__TASK DESCRIPTION__.
Counting the line with "Sleep Squad Chicago" as the last one, copy out the lines of the data exactly from the first onward.

Records contained in a dataset
^^^^

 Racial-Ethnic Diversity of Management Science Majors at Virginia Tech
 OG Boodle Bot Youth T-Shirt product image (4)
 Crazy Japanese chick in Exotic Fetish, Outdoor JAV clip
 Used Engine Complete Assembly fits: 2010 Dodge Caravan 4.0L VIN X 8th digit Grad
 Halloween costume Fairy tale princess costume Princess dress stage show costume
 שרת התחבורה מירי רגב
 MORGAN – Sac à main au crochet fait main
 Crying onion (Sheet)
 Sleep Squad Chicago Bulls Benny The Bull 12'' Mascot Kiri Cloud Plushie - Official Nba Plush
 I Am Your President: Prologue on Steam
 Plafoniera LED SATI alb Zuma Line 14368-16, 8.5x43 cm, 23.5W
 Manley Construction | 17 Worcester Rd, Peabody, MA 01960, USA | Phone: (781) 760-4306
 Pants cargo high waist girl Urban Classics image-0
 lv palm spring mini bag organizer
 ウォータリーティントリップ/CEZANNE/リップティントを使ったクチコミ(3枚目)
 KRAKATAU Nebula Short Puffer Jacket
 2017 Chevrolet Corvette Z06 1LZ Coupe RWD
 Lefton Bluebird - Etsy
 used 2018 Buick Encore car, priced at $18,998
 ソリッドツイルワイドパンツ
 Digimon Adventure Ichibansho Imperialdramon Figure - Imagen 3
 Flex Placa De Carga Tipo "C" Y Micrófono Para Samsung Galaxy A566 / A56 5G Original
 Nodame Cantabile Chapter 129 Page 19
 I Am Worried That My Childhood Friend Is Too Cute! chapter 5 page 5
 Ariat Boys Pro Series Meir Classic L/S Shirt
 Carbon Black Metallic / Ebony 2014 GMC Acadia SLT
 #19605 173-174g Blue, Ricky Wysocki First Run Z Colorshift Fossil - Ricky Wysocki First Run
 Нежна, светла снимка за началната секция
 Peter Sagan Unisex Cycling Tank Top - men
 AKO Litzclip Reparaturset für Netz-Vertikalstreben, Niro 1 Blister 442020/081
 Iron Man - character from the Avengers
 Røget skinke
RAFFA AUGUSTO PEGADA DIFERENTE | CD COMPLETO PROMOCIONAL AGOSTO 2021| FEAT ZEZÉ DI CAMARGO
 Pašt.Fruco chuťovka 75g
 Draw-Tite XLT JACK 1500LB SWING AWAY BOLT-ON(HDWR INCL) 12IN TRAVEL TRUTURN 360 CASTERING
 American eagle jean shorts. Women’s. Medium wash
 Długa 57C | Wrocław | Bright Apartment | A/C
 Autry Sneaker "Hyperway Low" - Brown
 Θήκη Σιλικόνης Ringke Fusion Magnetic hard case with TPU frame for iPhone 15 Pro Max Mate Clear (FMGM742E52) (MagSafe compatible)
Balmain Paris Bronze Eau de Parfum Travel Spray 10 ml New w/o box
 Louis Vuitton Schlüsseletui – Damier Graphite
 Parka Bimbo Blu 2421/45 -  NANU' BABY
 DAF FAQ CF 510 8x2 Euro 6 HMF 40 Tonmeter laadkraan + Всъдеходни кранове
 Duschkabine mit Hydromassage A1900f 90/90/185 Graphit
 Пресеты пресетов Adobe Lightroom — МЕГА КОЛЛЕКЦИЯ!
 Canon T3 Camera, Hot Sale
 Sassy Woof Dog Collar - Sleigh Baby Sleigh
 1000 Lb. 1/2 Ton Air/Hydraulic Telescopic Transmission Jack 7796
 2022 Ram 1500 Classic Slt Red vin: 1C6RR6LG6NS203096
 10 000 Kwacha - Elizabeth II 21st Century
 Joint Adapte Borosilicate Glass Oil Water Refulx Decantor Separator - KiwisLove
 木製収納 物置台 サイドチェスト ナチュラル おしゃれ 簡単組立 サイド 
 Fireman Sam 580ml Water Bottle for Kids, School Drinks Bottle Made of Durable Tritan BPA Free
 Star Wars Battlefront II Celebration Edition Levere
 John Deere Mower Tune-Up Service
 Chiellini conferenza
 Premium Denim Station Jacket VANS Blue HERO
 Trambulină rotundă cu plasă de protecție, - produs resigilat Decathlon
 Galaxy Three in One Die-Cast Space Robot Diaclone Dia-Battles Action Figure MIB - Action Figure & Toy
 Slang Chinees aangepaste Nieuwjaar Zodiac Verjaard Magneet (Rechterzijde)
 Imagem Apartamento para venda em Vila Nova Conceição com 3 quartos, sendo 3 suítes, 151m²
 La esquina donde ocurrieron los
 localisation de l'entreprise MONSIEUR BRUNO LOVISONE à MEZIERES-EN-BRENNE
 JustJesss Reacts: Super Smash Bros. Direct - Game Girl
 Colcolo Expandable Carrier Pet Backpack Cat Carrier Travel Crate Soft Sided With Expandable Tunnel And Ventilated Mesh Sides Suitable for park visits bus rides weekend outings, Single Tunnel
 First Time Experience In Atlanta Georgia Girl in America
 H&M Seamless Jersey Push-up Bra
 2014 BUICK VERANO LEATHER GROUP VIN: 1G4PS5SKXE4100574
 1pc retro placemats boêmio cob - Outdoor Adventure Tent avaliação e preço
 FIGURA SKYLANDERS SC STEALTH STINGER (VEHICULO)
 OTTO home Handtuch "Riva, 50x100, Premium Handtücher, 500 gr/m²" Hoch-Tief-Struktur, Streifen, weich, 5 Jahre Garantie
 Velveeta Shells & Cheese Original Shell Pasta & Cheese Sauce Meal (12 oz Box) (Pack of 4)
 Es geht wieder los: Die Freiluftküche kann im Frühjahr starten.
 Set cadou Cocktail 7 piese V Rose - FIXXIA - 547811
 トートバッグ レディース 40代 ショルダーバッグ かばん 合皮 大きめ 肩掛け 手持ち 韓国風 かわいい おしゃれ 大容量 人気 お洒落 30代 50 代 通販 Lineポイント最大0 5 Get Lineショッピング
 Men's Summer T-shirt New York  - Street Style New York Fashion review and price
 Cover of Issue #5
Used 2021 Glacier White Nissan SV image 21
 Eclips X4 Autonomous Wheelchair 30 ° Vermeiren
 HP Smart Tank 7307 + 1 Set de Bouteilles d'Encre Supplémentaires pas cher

^^^^

__EXERCISE SOLUTION__.
 Racial-Ethnic Diversity of Management Science Majors at Virginia Tech
 OG Boodle Bot Youth T-Shirt product image (4)
 Crazy Japanese chick in Exotic Fetish, Outdoor JAV clip
 Used Engine Complete Assembly fits: 2010 Dodge Caravan 4.0L VIN X 8th digit Grad
 Halloween costume Fairy tale princess costume Princess dress stage show costume
 שרת התחבורה מירי רגב
 MORGAN – Sac à main au crochet fait main
 Crying onion (Sheet)
 Sleep Squad Chicago Bulls Benny The Bull 12'' Mascot Kiri Cloud Plushie - Official Nba Plush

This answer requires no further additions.